Frequently Asked Questions

Why are all my numbers strings in the JSON output?

CSV doesn’t distinguish types – everything is text. JSON output preserves this as strings. For typed JSON, post-process to convert: JavaScript: data.map(row => ({…row, age: Number(row.age)})). The tool doesn’t auto-detect types to avoid mistakes (e.g. ZIP codes look like numbers but should stay as strings).

What if my CSV has embedded commas in some fields?

Use quoted fields: “Hello, World” is treated as one field. The tool handles this correctly. If you have many commas in data, consider tab-delimited (TSV) instead – cleaner.

How do I handle different delimiters?

Use the dropdown: Comma (standard US/UK CSV), Semicolon (European Excel because comma is decimal), Tab (TSV – clean for data with commas), Pipe (some legacy systems).

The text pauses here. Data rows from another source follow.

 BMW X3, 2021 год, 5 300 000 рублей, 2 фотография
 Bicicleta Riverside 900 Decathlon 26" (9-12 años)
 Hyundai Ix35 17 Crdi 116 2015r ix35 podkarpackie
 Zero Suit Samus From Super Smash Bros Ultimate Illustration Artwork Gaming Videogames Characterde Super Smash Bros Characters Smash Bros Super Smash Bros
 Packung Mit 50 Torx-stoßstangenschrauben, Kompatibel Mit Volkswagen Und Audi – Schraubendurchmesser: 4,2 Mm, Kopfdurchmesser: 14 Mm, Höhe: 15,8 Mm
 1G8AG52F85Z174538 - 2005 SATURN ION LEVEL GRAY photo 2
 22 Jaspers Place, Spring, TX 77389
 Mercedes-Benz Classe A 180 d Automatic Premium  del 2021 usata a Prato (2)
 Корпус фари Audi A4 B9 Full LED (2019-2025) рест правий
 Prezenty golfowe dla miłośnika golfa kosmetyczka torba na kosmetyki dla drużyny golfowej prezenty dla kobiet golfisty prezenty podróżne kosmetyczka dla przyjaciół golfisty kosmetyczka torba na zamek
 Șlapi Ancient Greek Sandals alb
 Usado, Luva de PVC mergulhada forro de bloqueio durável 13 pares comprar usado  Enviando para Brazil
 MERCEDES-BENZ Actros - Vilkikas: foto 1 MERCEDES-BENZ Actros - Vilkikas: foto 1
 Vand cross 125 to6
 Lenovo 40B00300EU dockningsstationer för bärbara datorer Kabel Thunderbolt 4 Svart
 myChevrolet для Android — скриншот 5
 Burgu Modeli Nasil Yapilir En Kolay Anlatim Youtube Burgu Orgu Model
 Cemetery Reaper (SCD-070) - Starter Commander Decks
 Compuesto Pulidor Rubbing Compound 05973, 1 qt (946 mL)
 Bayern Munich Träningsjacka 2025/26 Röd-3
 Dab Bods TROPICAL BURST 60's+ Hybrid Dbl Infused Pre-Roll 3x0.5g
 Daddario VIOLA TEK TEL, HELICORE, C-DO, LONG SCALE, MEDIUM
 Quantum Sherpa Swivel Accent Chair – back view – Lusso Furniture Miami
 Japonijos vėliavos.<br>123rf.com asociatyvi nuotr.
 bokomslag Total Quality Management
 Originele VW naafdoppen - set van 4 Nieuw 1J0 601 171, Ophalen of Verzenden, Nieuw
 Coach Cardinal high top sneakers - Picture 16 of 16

If your data looks misaligned, try a different delimiter.

What about CSV files with BOM or special encoding?

The tool reads UTF-8 (most common). BOM (Byte Order Mark) is stripped automatically. If your CSV is in a different encoding (Windows-1252, ISO-8859-1), convert to UTF-8 first using a tool like Notepad++ (Encoding menu).

Can I convert JSON back to CSV?

Yes – use our JSON to CSV tool. Flat JSON (array of objects with same keys) converts cleanly. Nested JSON loses some structure – JSON’s nesting is more expressive than CSV’s flat tabular format.

What if my CSV file is very large (1+ GB)?

Don’t paste 1+ GB into browser – it’ll crash. For massive files, use streaming tools: Python pandas, command-line jq, or specialized ETL pipelines. This browser tool works best for files under 50 MB.

Why does the output show row arrays instead of objects?

If ‘First row’ is set to ‘Data only (no header)’, output is array of arrays. Toggle to ‘Has headers’ to get array of objects with named fields. Best practice: always include a header row in CSV exports.